=== THE DATA ===
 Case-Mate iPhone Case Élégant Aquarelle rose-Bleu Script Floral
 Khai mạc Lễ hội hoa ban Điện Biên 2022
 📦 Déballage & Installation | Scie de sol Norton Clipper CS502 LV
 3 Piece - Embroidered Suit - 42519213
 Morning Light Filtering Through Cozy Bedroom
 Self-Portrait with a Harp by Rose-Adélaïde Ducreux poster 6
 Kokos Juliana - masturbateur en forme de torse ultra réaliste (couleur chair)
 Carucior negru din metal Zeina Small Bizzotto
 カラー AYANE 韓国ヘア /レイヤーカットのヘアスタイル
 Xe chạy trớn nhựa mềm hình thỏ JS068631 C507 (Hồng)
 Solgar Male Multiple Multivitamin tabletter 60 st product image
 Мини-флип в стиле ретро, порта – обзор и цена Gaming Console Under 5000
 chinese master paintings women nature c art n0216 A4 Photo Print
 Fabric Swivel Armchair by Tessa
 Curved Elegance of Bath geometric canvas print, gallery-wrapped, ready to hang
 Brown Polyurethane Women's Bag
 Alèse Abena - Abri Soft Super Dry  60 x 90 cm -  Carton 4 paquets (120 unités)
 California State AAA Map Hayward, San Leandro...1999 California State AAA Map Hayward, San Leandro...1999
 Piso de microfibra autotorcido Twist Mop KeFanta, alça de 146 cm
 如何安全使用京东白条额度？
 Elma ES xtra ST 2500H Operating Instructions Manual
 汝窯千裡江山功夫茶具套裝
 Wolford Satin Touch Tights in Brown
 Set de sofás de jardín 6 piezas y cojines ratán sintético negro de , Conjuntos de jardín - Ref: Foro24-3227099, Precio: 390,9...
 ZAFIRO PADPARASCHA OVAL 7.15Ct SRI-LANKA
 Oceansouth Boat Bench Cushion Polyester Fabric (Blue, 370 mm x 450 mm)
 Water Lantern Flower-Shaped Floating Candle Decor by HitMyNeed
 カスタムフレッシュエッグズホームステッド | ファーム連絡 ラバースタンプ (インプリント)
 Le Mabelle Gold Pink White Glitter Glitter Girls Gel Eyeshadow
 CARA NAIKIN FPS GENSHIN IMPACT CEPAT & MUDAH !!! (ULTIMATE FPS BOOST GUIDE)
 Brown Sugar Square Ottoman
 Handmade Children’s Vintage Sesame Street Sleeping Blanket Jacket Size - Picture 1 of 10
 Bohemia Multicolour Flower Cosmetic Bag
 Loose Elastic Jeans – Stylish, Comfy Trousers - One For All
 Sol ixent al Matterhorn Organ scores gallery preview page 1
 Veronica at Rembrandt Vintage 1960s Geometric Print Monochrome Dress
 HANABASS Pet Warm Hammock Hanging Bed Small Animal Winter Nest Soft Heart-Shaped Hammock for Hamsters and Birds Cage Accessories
===
◆ **WHAT THE TASK ASKS**
Could you retype exactly the lines above, starting at the line that contains "Curved Elegance of" and ending at the line that contains "Handmade Children’s Vintage", and nothing more?

◆ **SOLUTION TO THIS TASK**
 Curved Elegance of Bath geometric canvas print, gallery-wrapped, ready to hang
 Brown Polyurethane Women's Bag
 Alèse Abena - Abri Soft Super Dry  60 x 90 cm -  Carton 4 paquets (120 unités)
 California State AAA Map Hayward, San Leandro...1999 California State AAA Map Hayward, San Leandro...1999
 Piso de microfibra autotorcido Twist Mop KeFanta, alça de 146 cm
 如何安全使用京东白条额度？
 Elma ES xtra ST 2500H Operating Instructions Manual
 汝窯千裡江山功夫茶具套裝
 Wolford Satin Touch Tights in Brown
 Set de sofás de jardín 6 piezas y cojines ratán sintético negro de , Conjuntos de jardín - Ref: Foro24-3227099, Precio: 390,9...
 ZAFIRO PADPARASCHA OVAL 7.15Ct SRI-LANKA
 Oceansouth Boat Bench Cushion Polyester Fabric (Blue, 370 mm x 450 mm)
 Water Lantern Flower-Shaped Floating Candle Decor by HitMyNeed
 カスタムフレッシュエッグズホームステッド | ファーム連絡 ラバースタンプ (インプリント)
 Le Mabelle Gold Pink White Glitter Glitter Girls Gel Eyeshadow
 CARA NAIKIN FPS GENSHIN IMPACT CEPAT & MUDAH !!! (ULTIMATE FPS BOOST GUIDE)
 Brown Sugar Square Ottoman
 Handmade Children’s Vintage Sesame Street Sleeping Blanket Jacket Size - Picture 1 of 10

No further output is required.